12 thoughts on “An Insightful Analysis of the Divorce of Brad Pitt and Angelina Jolie

  1. You forgot the other reason that they may have split up: bad sex. It is often the second reason people split up. It is also possible they just don’t like each other and want to split before it becomes hatred.

    We don’t know and it is kind of unfair to make two people stay together simply because they are rich. Instead, let’s tax them at 70%!

    • I certainly don’t want them to stay together if they are unhappy. I was just trying to make a broader point about the way that great wealth harms people.

      I would like to see the top margin income tax rate raised to 70%. I’d also like to see a wealth tax — but clearly that would need to be international. A 65% estate tax would be a good start, though.

  2. I used to have a huge girl-crush on Angelina Jolie, but when she got weird and super-skinny and started having/adopting all of those kids, I lost interest. Nonetheless, I do think she is the more talented of the two, and that she has a certain energy and passion that Brad lacks. I have pretty much zero interest in celebrity culture, but for some reason, this divorce does make me a bit sad. I’m not sure why. I guess I believed that two smart, rich, hip, aware people could work it out somehow. They both strike me as intelligent and committed people. But no one knows what goes on behind closed doors. Intelligence isn’t a necessarily a salve against a bad marriage.

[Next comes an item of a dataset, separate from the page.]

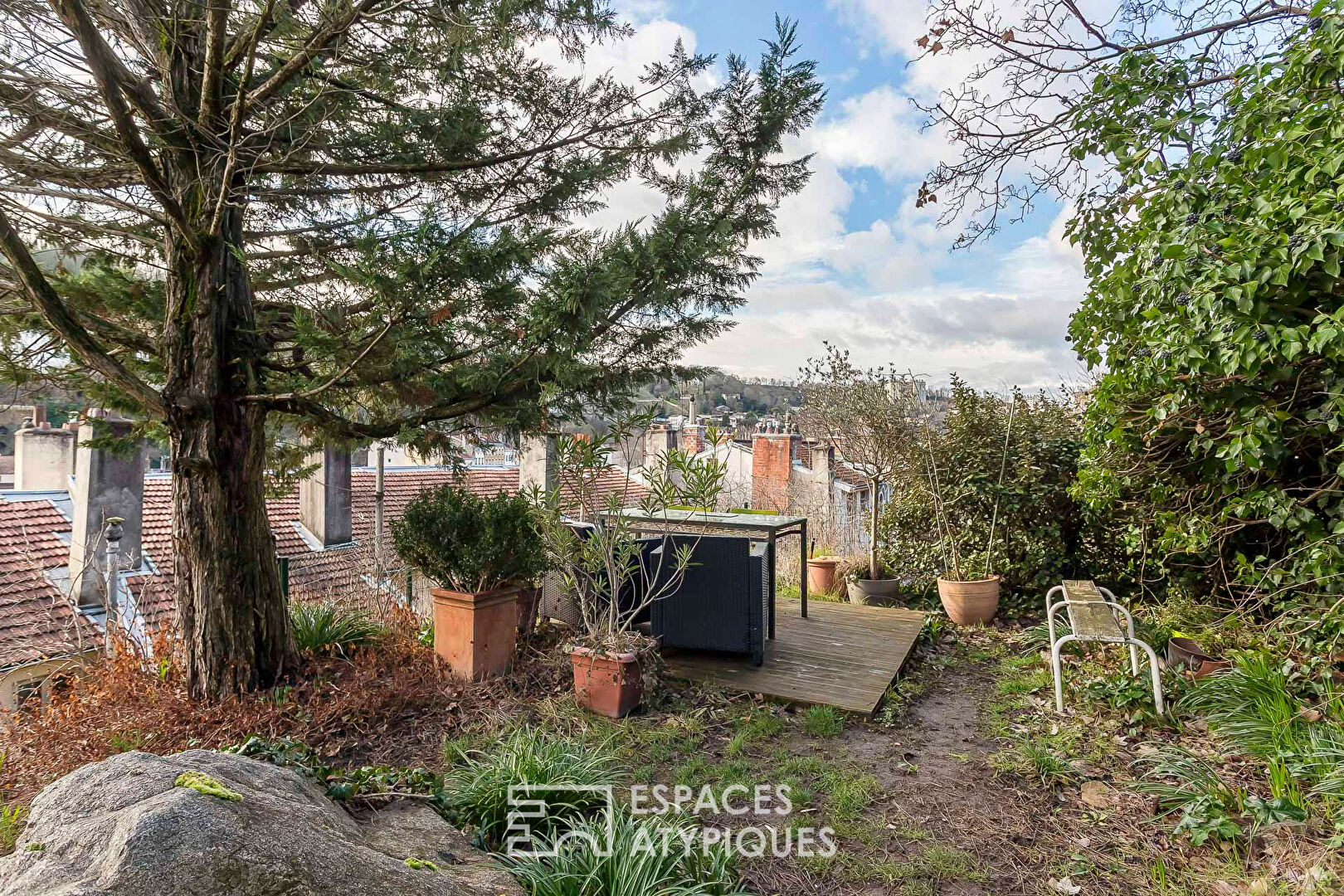Appartement familial de caractère avec vue Saône et jardin commun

    • That’s for sure! I felt bad publishing the article. It didn’t sit well, but I hate wasting anything, so there you are. But it did give me a chance to talk about what I do care about: the way that great inequality hurts everyone. The article (starting with the title, which I wrote first) was not meant all that seriously. But I am serious that even the most successful actor should have to work their whole lives. No one should be so rich that they can coast. It’s bad for their souls.

      Maybe it’s a guy thing, but I think very highly of Brad Pitt as an actor. Or at least as a comedic actor. The first time I noticed him was in Thelma and Louise, and I thought he was brilliant. And he hasn’t left me down since then. Not that I seek out his films. The first time I saw Jolie was in Hackers — not a great film, but not bad. I’ll stand by my assessment that they are both professional-quality actors. I do think Jolie has been in more dreck, but that’s probably due to the sexism of the film industry — there just aren’t as many good parts for women.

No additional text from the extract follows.